Chicken-Fried News: Poor execution

Chicken-Fried News: Green gobblin
Bigstock

If you’re not going to do something well, don’t do it at all. Maybe that should be the motto for the state’s execution team, based on more than 40,000 pages of documents released by Gov. Mary Fallin’s office in the wake of the executions of Clayton Lockett and Charles Warner, Tulsa World and The Oklahoman recently reported.

Problems with Lockett’s attempted execution forced a postponement of Warner’s, which was originally planned for the same day. Warner was later executed Jan. 15.

Now we know more about errors made in both executions.

In Lockett’s case, the technician at the Oklahoma State Penitentiary in McAlester was ill-equipped for the job due to his inexperience and a lack of correct needles to administer the IV. The execution was abandoned after 43 minutes, in which time, according to Tulsa World reports, Lockett rose from the gurney and spoke when he was supposed to be unconscious. Lockett died of a heart attack.

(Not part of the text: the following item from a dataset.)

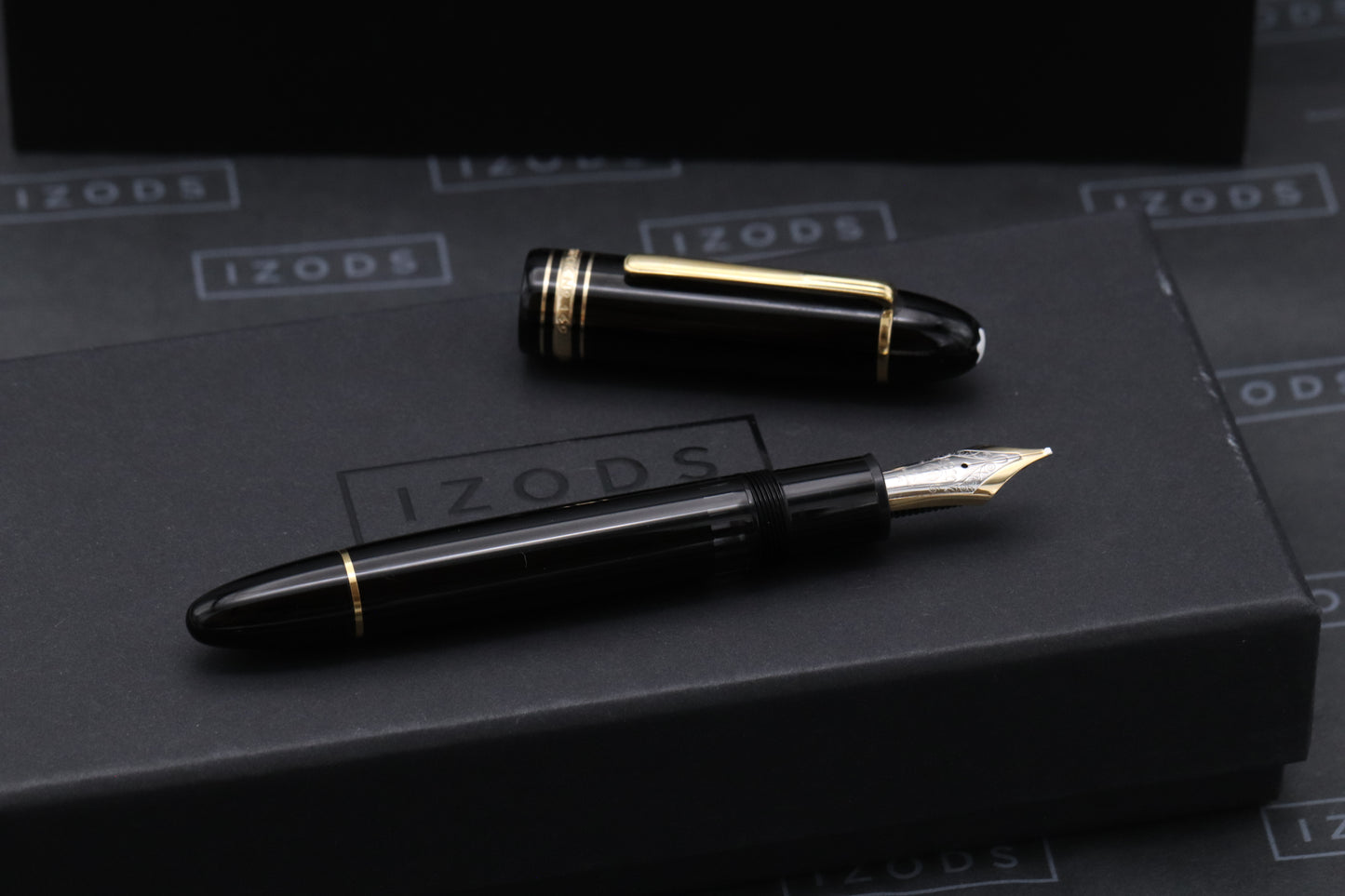 Montblanc Meisterstuck 149 Gold-Coated Fountain Pen - Double Broad Nib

Meanwhile, Fallin was attending a Thunder game, the newspaper reported.

Nine months later, Warner’s execution proceeded with an unapproved drug in the three-drug cocktail: potassium acetate instead of potassium chloride.

That mix-up nearly occurred again Sept. 30, the day Richard Glossip was set to die by lethal injection, The Oklahoman reported.

The debate over the existence of the death penalty rages on, but we should all agree that if Oklahoma is intent on killing prisoners, at the very least, officials should follow the guidelines they created for how to do it.